Innovative Counter-UAS Tactics in the Russia–Ukraine Conflict

1. Acoustic Detection Systems

Acoustic systems use microphones to detect UAV noise, typically generated by engines and propellers within the 20–20,000 Hz range. Each UAV model produces a unique acoustic signature that can be matched against a database. These passive sensors do not emit signals and can locate UAVs using time-difference-of-arrival techniques with GPS-level accuracy.

However, detection range is limited, decreasing by 6 dB each time distance doubles. Effective ranges vary from 5 to 600 meters. Acoustic systems struggle in noisy environments and adverse weather, and UAV noise-reduction technologies further limit their effectiveness.

2. Light and Heavy Machine Guns

Ukraine developed the cloud-based “Delta” distributed combat system, enabling civilians and soldiers to report UAV sightings via smartphones. This data is integrated into military command systems and used to cue machine-gun teams. Due to their low altitude and slow speed, small UAVs are vulnerable to anti-aircraft machine-gun fire.

3. Integrated Operational Systems

Following the 2019 drone and cruise missile attack on Saudi oil facilities, the U.S. developed enhanced counter-swarm systems such as the Coyote interceptor UAV paired with Ku-band radar. In exercises, Coyote drones equipped with directed-energy systems successfully intercepted swarms of up to ten UAVs.

Russia is reportedly upgrading its ROSC-1 counter-UAS system, combining electronic suppression with interceptor drones like the “Wolf-18.”

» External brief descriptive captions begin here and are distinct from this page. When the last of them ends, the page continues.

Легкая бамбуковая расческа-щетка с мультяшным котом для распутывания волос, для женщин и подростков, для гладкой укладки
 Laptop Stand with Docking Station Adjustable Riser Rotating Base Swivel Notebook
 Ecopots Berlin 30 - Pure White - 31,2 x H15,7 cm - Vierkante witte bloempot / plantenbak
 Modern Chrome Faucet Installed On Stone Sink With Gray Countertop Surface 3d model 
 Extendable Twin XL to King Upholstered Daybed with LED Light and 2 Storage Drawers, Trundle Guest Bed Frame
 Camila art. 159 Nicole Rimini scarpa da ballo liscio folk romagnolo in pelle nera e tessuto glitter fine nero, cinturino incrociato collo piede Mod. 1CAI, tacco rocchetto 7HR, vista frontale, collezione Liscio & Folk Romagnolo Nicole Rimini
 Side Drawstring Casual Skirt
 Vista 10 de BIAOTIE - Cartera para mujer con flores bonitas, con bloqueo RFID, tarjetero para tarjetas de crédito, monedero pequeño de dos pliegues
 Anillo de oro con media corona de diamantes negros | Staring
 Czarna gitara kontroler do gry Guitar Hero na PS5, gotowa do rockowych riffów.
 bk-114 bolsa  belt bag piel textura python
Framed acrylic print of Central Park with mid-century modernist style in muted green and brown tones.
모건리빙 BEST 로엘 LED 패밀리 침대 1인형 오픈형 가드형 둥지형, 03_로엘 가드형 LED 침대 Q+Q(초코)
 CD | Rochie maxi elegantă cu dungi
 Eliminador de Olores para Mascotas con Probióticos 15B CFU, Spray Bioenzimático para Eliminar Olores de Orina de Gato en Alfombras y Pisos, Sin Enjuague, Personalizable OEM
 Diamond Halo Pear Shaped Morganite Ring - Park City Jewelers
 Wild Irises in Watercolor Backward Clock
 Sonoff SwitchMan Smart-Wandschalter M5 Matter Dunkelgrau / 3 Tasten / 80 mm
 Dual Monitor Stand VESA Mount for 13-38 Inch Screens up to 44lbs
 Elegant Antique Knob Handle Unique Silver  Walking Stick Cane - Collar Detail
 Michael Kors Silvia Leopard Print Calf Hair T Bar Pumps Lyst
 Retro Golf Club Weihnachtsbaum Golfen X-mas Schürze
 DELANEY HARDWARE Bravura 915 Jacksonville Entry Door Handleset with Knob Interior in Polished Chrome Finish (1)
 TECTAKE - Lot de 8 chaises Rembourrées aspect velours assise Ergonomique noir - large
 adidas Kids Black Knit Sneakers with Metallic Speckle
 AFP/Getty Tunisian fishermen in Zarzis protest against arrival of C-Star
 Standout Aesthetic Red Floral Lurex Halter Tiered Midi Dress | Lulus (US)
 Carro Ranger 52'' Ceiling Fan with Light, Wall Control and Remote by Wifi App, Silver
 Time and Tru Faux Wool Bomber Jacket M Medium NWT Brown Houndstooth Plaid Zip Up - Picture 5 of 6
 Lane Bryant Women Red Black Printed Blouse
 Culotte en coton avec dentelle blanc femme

4. Portable Soldier-Carried Systems

Ukraine deployed “drone hunter” rifles capable of forcing UAVs to land via electronic suppression. Russia introduced compact systems such as the K-1000 FPV dome-suppression electronic warfare suitcase, capable of neutralizing multiple UAVs within a 250-meter radius.

5. Specialized Anti-Drone Ammunition

Russian researchers developed 57-mm shells that generate electromagnetic pulses to disable UAV electronics, combined with fragmentation effects to destroy multiple targets.

6. Laser Weapons

Russia has fielded combat laser systems such as the Peresvet, capable of countering UAVs, optical sensors, and even missiles. Additional classified laser projects are reportedly under development.

7. “Aerial Minefields”

Methods include tethered balloons, steel cables, smoke, and airborne nets to obstruct UAV flight paths. Russia also developed low-cost net-carrying drones to physically capture enemy UAVs.

8. Electronic Warfare

Electronic jamming targets UAV communication links and navigation systems, causing loss of control or crashes. Russia has deployed systems such as Krasukha-4S and tank-mounted electronic countermeasures to protect armored units.

9. Communication Networks and Apps

Russia’s “People’s Front Radar” mobile app enables civilians to report UAV sightings, significantly improving response speed. Ukraine has observed Russian UAVs using local SIM cards and adapting flight profiles to evade defenses.

10. UAV-on-UAV Combat

Interceptor UAVs can jam, collide with, or destroy incoming UAVs. Russia has employed Lancet loitering munitions and even armed UAVs equipped with automatic shotguns for area suppression against drone swarms.

Conclusion

Future warfare will increasingly feature high-altitude, high-speed, stealthy, long-endurance, miniaturized, intelligent, and swarm-based UAVs, making counter-UAS capabilities a decisive factor on the modern battlefield.